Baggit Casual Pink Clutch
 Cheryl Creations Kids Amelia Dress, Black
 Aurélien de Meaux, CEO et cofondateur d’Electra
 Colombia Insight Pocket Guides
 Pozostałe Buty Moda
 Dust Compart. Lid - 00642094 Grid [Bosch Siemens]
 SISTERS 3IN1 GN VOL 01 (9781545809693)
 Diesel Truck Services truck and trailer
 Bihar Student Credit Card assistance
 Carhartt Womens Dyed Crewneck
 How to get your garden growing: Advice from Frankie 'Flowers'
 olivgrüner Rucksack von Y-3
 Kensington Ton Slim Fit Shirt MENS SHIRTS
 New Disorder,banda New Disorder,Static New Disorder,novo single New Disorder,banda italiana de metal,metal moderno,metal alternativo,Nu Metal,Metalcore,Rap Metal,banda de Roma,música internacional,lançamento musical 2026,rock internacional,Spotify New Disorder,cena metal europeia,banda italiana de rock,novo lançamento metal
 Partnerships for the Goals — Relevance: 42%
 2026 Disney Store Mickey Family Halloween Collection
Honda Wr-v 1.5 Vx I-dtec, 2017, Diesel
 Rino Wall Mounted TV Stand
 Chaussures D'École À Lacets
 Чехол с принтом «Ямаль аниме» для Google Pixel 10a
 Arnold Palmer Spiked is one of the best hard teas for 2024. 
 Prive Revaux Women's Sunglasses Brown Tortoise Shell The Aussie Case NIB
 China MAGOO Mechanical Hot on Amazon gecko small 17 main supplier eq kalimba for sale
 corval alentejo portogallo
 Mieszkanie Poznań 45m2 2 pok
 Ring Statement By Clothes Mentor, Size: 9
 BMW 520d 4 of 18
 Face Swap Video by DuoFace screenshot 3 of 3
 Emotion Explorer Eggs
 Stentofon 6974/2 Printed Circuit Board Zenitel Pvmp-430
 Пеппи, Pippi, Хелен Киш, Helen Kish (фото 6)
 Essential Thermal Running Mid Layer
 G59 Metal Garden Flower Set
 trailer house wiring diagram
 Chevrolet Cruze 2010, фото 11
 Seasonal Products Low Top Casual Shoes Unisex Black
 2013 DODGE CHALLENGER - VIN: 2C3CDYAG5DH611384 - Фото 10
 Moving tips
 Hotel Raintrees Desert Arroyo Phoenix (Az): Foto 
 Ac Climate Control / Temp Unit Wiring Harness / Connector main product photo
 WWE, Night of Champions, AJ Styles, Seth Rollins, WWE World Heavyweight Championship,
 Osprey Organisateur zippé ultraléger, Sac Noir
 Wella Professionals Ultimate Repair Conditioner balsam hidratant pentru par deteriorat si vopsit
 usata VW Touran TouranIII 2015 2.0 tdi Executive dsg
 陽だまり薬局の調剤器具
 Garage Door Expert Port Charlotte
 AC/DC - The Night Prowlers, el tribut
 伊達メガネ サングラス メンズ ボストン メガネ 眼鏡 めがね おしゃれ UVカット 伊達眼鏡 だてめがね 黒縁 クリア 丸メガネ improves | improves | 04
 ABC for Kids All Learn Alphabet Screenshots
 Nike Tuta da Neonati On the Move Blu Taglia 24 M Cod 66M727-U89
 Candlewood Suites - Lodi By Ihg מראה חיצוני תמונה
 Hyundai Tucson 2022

## Exercise instructions:
Determine the number of lines in the data above that include the word "trailer", then answer with that number alone.

## Exercise result:
2